The menu is a big problem. Most holidays require the consumption of one traditional food, or perhaps two. On Easter it’s ham or lamb. On Hanukkah we eat latkes, another gastric stress test. On Yom Kippur we eat nothing except on the night before and the day after, when we eat everything.

On Passover, the requirements are daunting. There is the Seder plate with its representative foods. It’s followed by the soup, with matzo balls and flourless noodles that dissolve right in the mouth, a quality not usually desired in noodles. Then we serve gefilte fish, which is a kind of composite nautical material floating in gel. With the fish we eat horseradish, a condiment so sharp that it can make you bang your head against the wall to make the pain stop.

After the fish come the chicken and brisket and potato dishes and vegetable puddings, and then tortes and cakes and soufflés for dessert.
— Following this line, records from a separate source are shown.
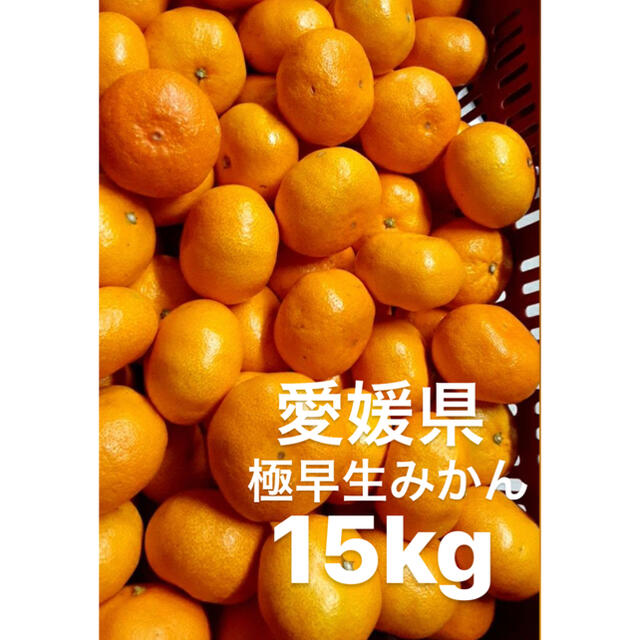 愛媛県　極早生みかん　柑橘　15kg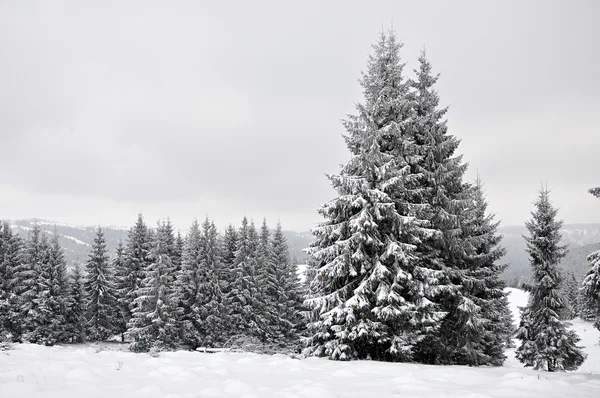 Märchenhafte Winterlandschaft mit Tannen — Stockfoto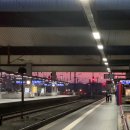 다은민박 | 🇫🇷 파리 센강에 폰 빠뜨린 썰 푼다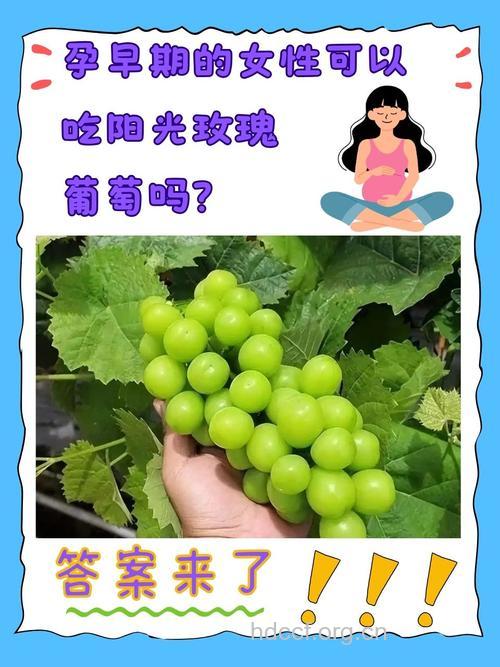 怀孕了能吃葡萄吗|怀孕了能吃葡萄吗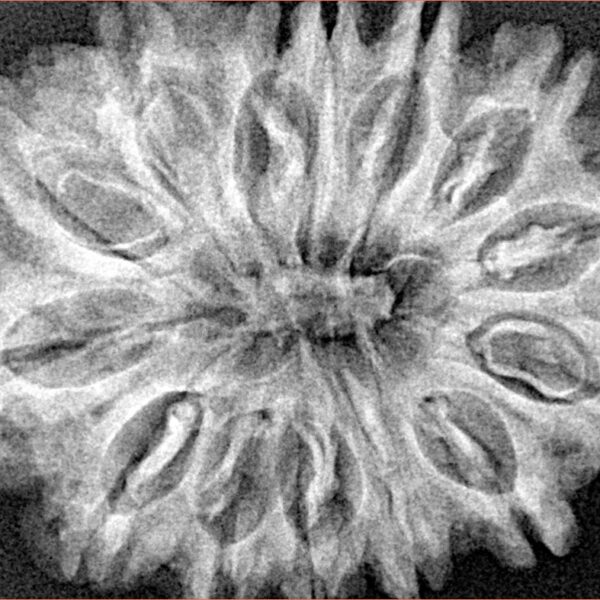 14 Mukhi Rudraksha 32.6mm 6.48gm - Xray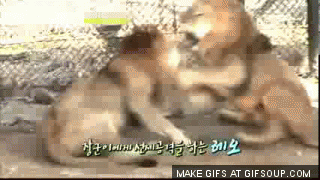 lion-strikes-like-tiger_o_GIFSoupcom.gif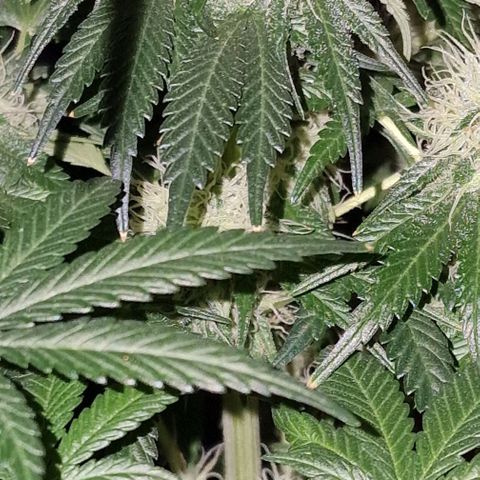 CG - El valle haze growlog timeline photo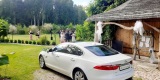 Jaguar XF Prestige - samochód do ślubu - limuzyna, luksusowy ślub, Białystok - zdjęcie 3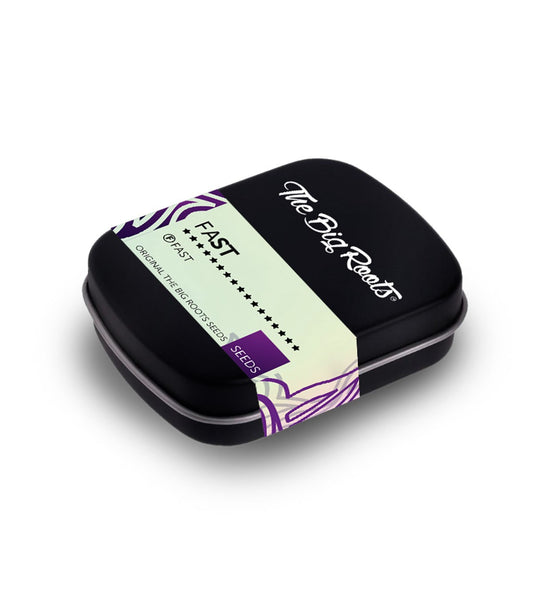 CRITICAL FAST X 3+2 SEMILLAS THE BIG ROOTS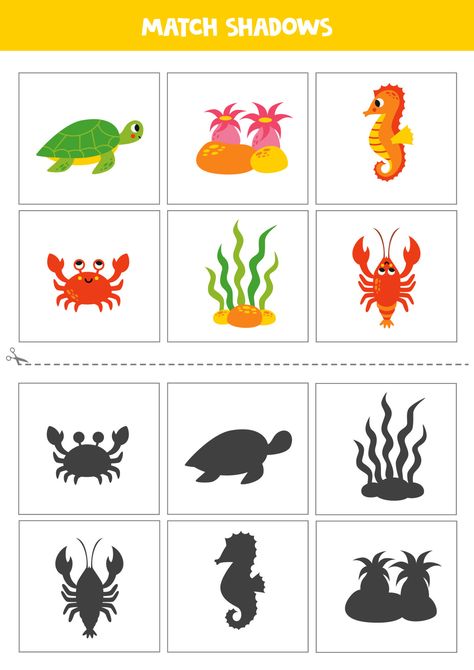 Download the Find shadows of cute sea animals. Cards for kids. 23360126 royalty-free Vector from Vecteezy for your project and explore over a million other vectors, icons and clipart graphics! Cute Sea Animals, Ocupational Therapy, Animals Cards, Sea Activities, Pattern Worksheet, Diy Tutu, Ocean Activities, Concept Art Tutorial, Under The Sea Theme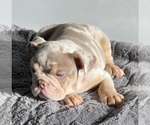 block - Male Bulldog Puppy for Sale - Photo #3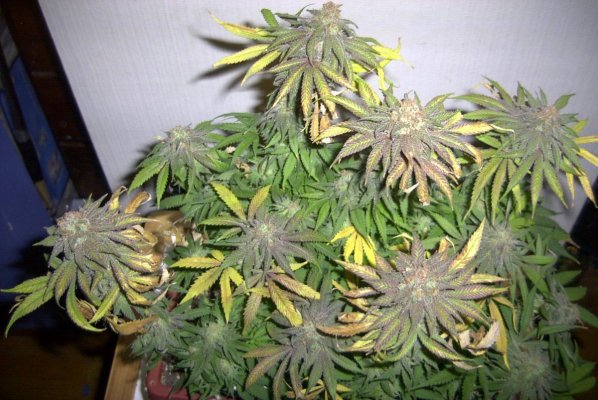 flower_70_3.JPG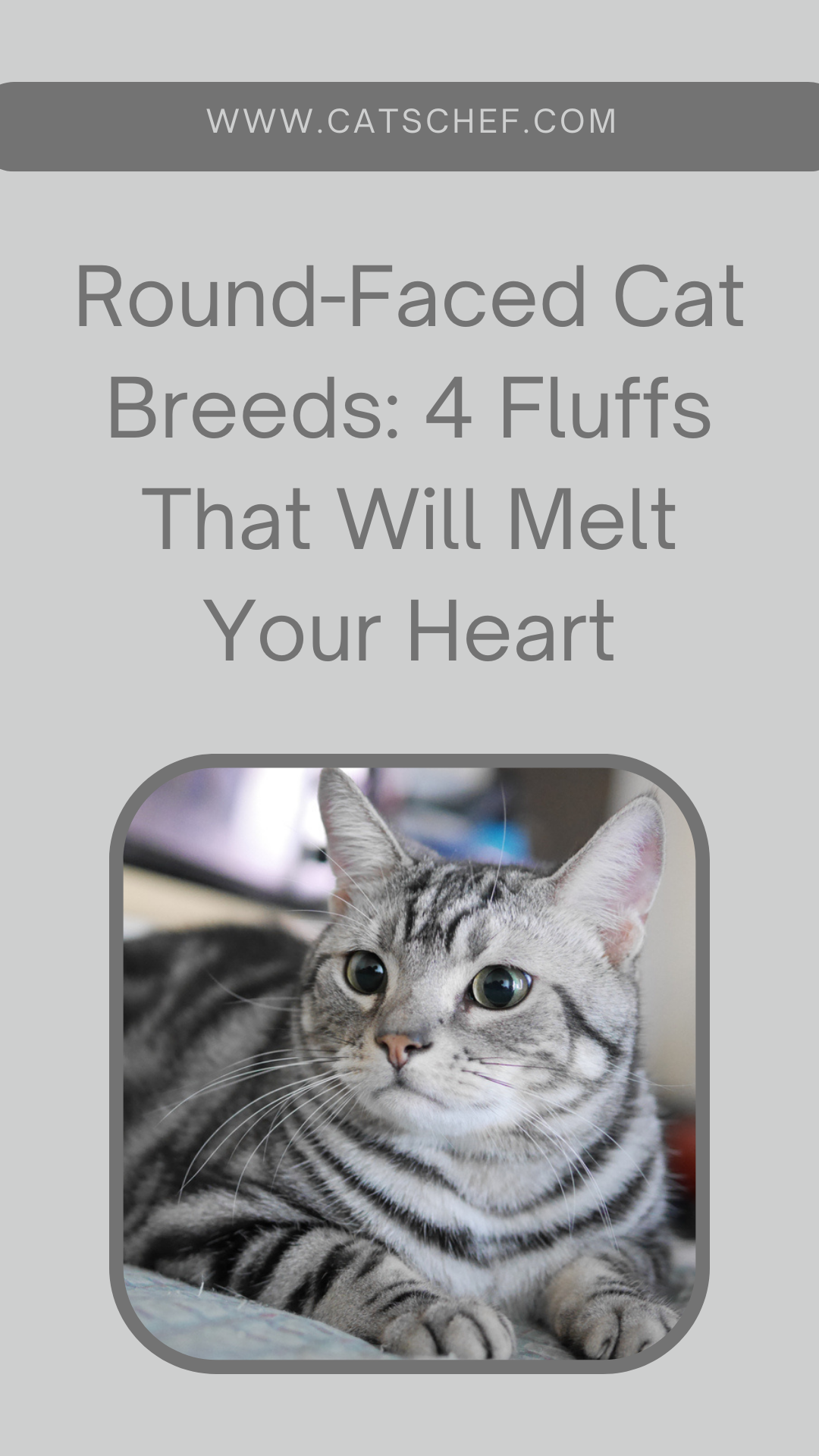 Round-Faced Cat Breeds: 4 Fluffs That Will Melt Your Heart
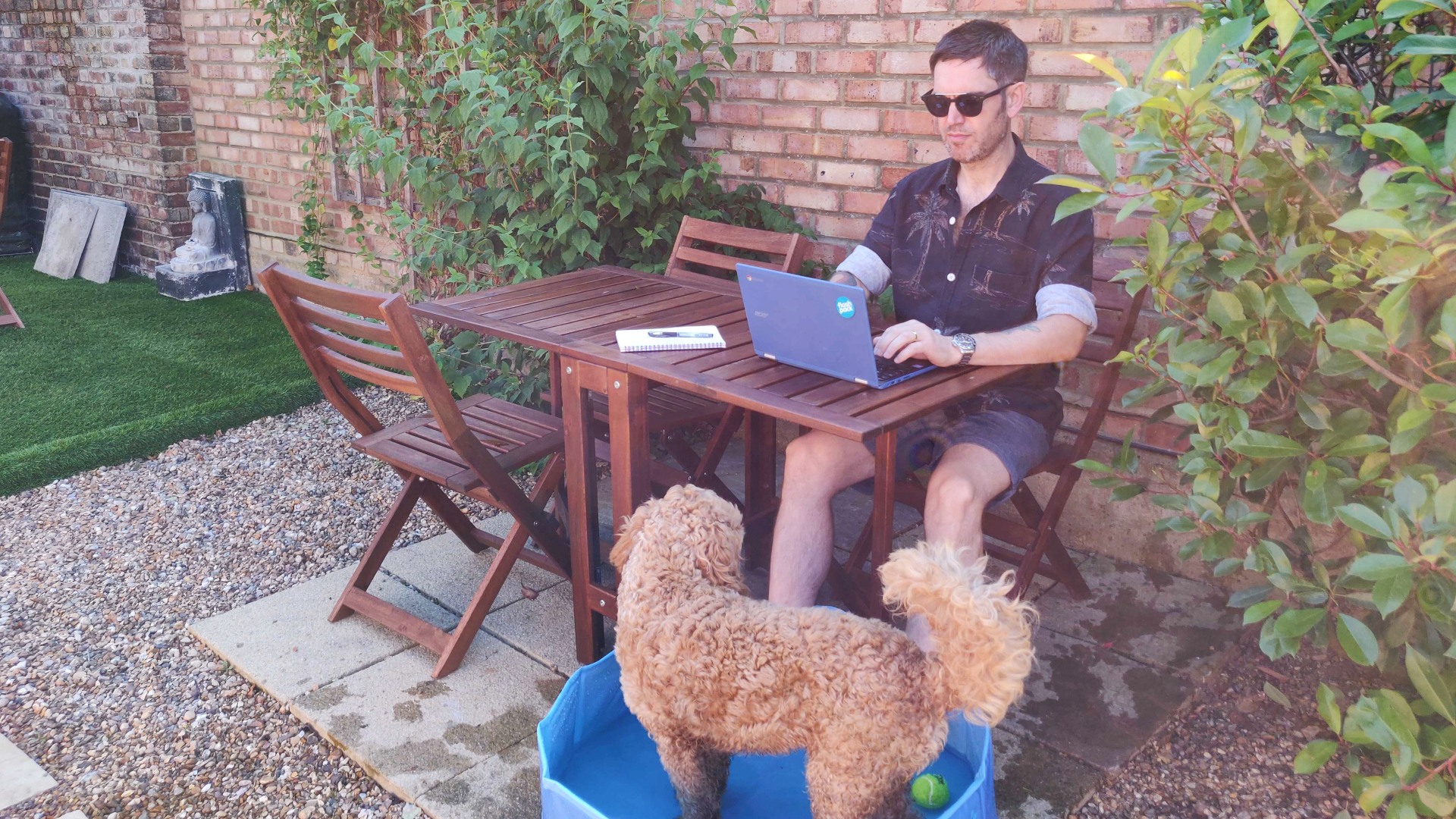 working from home with dog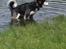 Blanding af racer Nala Bea ( Alaskan Malamute og ? )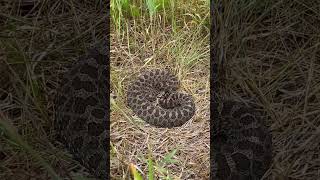 Eastern massasauga rattlesnake [upl. by Ikkin]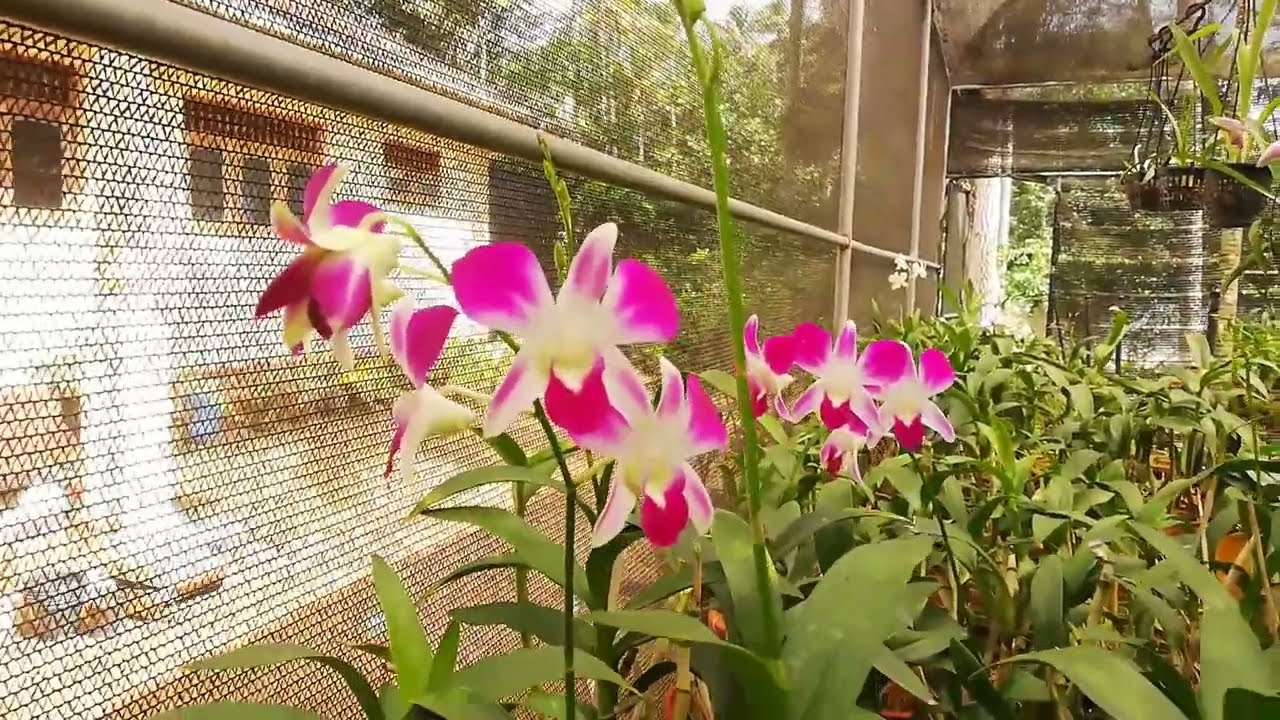 Orchid Plant (Orchidaceae)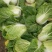 矮颗黄心大白菜，新野优质黄心白菜毛菜净菜散装袋装无虫眼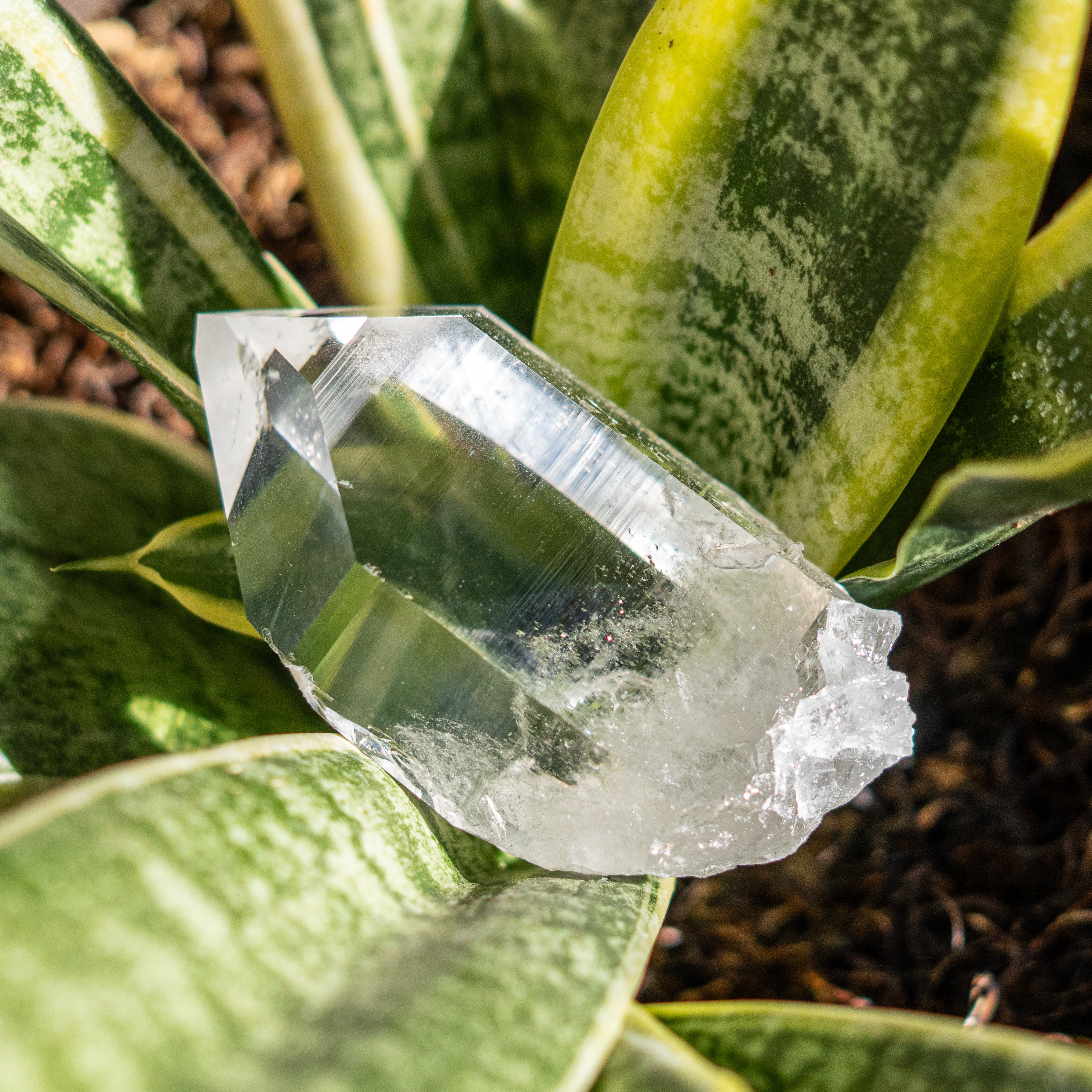 Clear Quartz from Ron Coleman Mine, Arkansas USA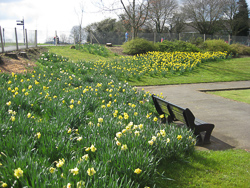 Spring in the Park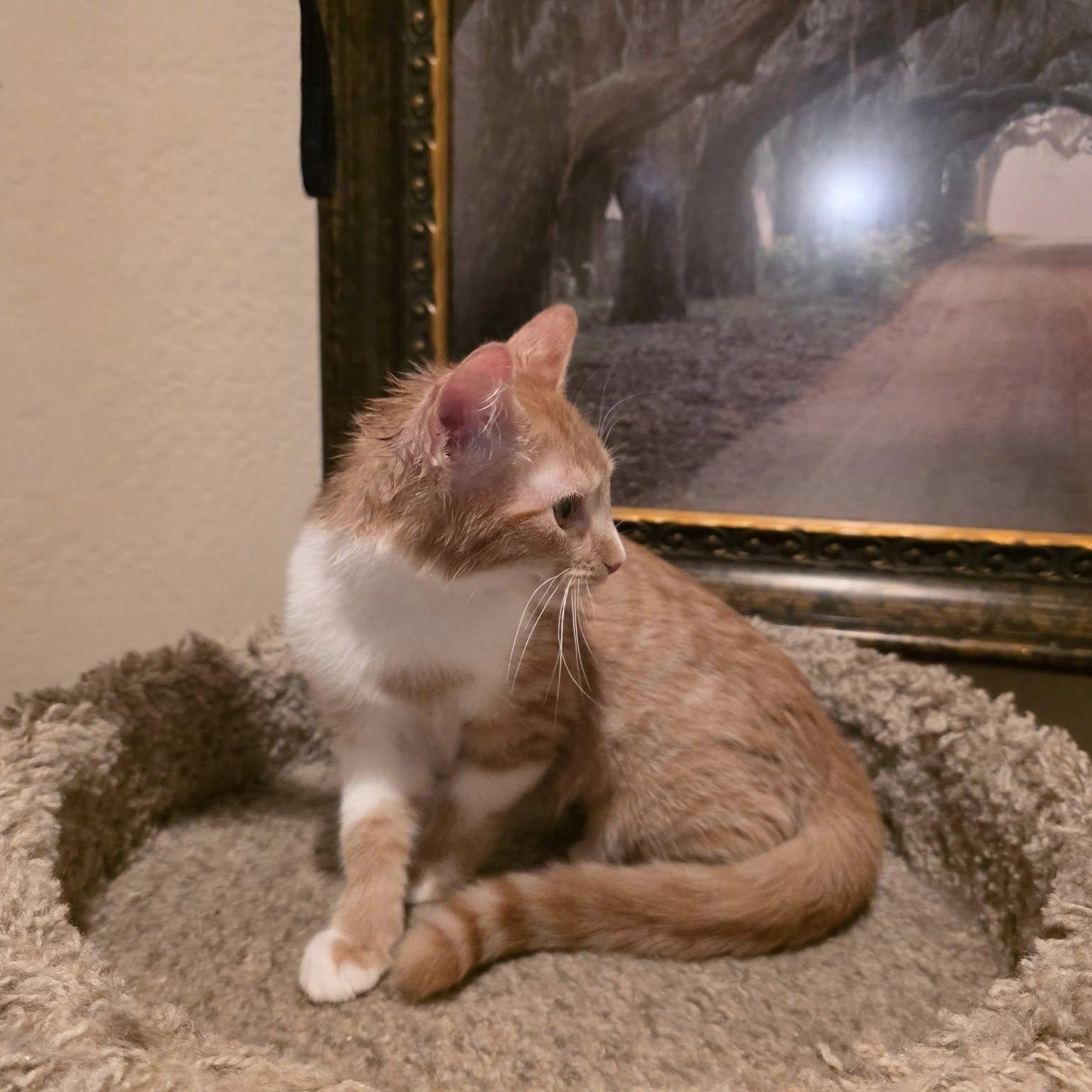 Enlarge Sienna, a ADOPTABLE Domestic Short Hair in Queen Creek, AZ image 3/3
I’m using many culinary terms, such as “soufflé” and “torte,” to describe the dishes, but don’t be fooled. They’re all made of matzo and they have no taste.

As I write, my pre-Passover anxiety is at its peak. I haven’t done a thing yet except worry. I made one foray this morning to the supermarket to reconnoiter, and returned empty-handed. I wasn’t fully prepared for the crowds or the physical contact. Or the inflated prices, or the transparent attempt to pass off farfel pudding as “tasty.”

I will return when I have meditated long enough to find peace with the process. I will stop for a moment at the string bean display to pay homage to the memory of Shoshana Goldberg.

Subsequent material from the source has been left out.